児玉桃のECM第3作は2006年録音の持ち込み音源だが,これが実に素晴らしい。

_20210313-2 ”Hosokawa/Mozart” 児玉桃,小澤征爾,水戸室内管弦楽団(ECM New Series)

児玉桃のECMにおける2作は大変素晴らしい作品であった。本作は前作"Point and Line"でも取り上げた細川俊夫とモーツァルトというまたECMらしい異色の組み合わせってところなのだが,ここで冒頭に演じられる細川俊夫の「月夜の蓮(”Lotus under the Moonlight”)」は,モーツァルトの生誕250周年を記念して書かれたものであり,「モーツァルトへのオマージュ」という副題まで付いているから,プログラムとしては一貫性があるものなのだ。児玉桃はその初演者であった。
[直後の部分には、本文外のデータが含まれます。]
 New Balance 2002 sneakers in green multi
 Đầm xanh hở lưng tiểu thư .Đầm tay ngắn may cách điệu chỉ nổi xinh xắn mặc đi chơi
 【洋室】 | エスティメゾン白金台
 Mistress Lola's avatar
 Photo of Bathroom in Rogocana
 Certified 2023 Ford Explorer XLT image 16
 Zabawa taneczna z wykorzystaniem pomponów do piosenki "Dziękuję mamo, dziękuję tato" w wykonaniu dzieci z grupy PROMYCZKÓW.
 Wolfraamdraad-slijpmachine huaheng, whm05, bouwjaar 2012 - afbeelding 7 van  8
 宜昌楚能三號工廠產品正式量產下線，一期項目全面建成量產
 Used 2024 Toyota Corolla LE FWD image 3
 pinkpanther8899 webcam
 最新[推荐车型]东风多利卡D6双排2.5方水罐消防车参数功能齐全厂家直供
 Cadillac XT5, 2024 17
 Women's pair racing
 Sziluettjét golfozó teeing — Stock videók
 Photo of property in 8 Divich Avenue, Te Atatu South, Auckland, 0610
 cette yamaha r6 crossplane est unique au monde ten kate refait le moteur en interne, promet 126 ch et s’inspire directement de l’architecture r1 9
そして,この音源は2006年に録音されたものであり,プロデュースにはManfred Eicherの名前もないので,明らかに持ち込み音源である。そもそもECMで小澤征爾の名前を見つけるとは全く想像していなかったが,そうした音源をリリースするという判断を下したのはManfred Eicherであるはずなので,その審美眼にかなった演奏であることは言うまでもない。

このアルバムにおけるポイントがその細川の「月夜の蓮」であることには疑う余地がない。もちろん,モーツァルトのP協23番なんてのは誰もが知る名曲であり,児玉桃と小澤征爾の組合せによる演奏が悪いはずはない。しかしである。このアルバムがリリースされた要因はやはり「月夜の蓮」ゆえであろう。この細川とモーツァルトの曲間のギャップこそがこの音楽を楽しむためのコアとなるからである。おそらくManfred Eicherもそれを評価したはずだと思う。「月夜の蓮」がクールかつ静謐な感覚を与えるのに対し,モーツァルトの暖かさが「月夜の蓮」で生まれた緊張感を弛緩させてくれることこそがこのアルバムのキモだろう(少なくとも私にとってはそうだ)。

こういう演奏/プログラムには本当に美学を感じるが,水戸の聴衆も生で聞いていた時には同じような感覚を覚えていたと思う。録音から時間が経過した音源であることを全く感じさせない傑作。星★★★★★。

甚だ余談ではあるが,私の亡くなった父はモーツァルトを偏愛していたが,父が最も好きだったP協はこの23番である。本当にしょっちゅうこの曲を聞いていたのを思い出してしまった。父がこのアルバムを聞いたらどういう感想を言うか聞いてみたい気がした私である。

Recorded Live at 水戸芸術館 in December, 2006 

Personnel: 児玉桃(p),小澤征爾(指揮),水戸室内管弦楽団 

2021年2月25日 (木)

何年も寝かせてしまったKyung Wha Chungのバッハ無伴奏。

_20210221-3 ”Bach: Sonatas & Partitas" Kyung Wha Chung (Warner Classics)

このCDがリリースされたのは2016年のことである。私はかなり早い時期にこのアルバムを入手していたはずだが,ブログに記事もアップしていないし,ちゃんと聞いた記憶もない。何をやってるんだかって気もするが,ついついそういうエアポケットに落ちたアルバムとなってしまったと言ってもいいかもしれない。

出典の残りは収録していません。